[MATERIAL FOR THIS TASK Boundary: Start]

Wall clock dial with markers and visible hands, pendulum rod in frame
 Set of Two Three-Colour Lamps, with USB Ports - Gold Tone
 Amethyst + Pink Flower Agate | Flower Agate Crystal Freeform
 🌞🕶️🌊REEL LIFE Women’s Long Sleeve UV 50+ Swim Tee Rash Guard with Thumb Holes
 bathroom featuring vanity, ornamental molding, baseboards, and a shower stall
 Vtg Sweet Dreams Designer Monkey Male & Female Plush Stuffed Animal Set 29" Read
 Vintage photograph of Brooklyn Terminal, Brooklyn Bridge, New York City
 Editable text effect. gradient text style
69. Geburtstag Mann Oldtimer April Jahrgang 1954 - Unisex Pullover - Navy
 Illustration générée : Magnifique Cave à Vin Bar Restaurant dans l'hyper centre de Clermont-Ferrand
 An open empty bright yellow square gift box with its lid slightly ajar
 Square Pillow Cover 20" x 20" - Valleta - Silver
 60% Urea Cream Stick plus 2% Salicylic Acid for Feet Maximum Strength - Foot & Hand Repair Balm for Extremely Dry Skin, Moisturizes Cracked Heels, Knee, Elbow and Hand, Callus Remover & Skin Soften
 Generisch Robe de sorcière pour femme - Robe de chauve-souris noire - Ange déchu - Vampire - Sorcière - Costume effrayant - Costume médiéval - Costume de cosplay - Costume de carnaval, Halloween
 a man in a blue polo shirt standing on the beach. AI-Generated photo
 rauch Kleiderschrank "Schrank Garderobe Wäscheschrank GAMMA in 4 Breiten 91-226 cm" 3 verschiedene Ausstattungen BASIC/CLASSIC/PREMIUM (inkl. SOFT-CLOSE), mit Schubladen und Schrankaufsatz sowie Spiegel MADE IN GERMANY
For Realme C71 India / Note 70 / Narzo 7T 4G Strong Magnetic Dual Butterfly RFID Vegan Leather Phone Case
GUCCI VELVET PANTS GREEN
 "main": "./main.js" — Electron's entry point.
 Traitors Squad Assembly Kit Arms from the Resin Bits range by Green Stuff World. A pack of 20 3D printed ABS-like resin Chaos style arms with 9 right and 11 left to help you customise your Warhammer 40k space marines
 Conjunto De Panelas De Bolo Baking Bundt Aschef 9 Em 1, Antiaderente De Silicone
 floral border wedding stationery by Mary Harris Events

[MATERIAL FOR THIS TASK Boundary: End]

Go through the data above and copy all of it exactly.

Wall clock dial with markers and visible hands, pendulum rod in frame
 Set of Two Three-Colour Lamps, with USB Ports - Gold Tone
 Amethyst + Pink Flower Agate | Flower Agate Crystal Freeform
 🌞🕶️🌊REEL LIFE Women’s Long Sleeve UV 50+ Swim Tee Rash Guard with Thumb Holes
 bathroom featuring vanity, ornamental molding, baseboards, and a shower stall
 Vtg Sweet Dreams Designer Monkey Male & Female Plush Stuffed Animal Set 29" Read
 Vintage photograph of Brooklyn Terminal, Brooklyn Bridge, New York City
 Editable text effect. gradient text style
69. Geburtstag Mann Oldtimer April Jahrgang 1954 - Unisex Pullover - Navy
 Illustration générée : Magnifique Cave à Vin Bar Restaurant dans l'hyper centre de Clermont-Ferrand
 An open empty bright yellow square gift box with its lid slightly ajar
 Square Pillow Cover 20" x 20" - Valleta - Silver
 60% Urea Cream Stick plus 2% Salicylic Acid for Feet Maximum Strength - Foot & Hand Repair Balm for Extremely Dry Skin, Moisturizes Cracked Heels, Knee, Elbow and Hand, Callus Remover & Skin Soften
 Generisch Robe de sorcière pour femme - Robe de chauve-souris noire - Ange déchu - Vampire - Sorcière - Costume effrayant - Costume médiéval - Costume de cosplay - Costume de carnaval, Halloween
 a man in a blue polo shirt standing on the beach. AI-Generated photo
 rauch Kleiderschrank "Schrank Garderobe Wäscheschrank GAMMA in 4 Breiten 91-226 cm" 3 verschiedene Ausstattungen BASIC/CLASSIC/PREMIUM (inkl. SOFT-CLOSE), mit Schubladen und Schrankaufsatz sowie Spiegel MADE IN GERMANY
For Realme C71 India / Note 70 / Narzo 7T 4G Strong Magnetic Dual Butterfly RFID Vegan Leather Phone Case
GUCCI VELVET PANTS GREEN
 "main": "./main.js" — Electron's entry point.
 Traitors Squad Assembly Kit Arms from the Resin Bits range by Green Stuff World. A pack of 20 3D printed ABS-like resin Chaos style arms with 9 right and 11 left to help you customise your Warhammer 40k space marines
 Conjunto De Panelas De Bolo Baking Bundt Aschef 9 Em 1, Antiaderente De Silicone
 floral border wedding stationery by Mary Harris Events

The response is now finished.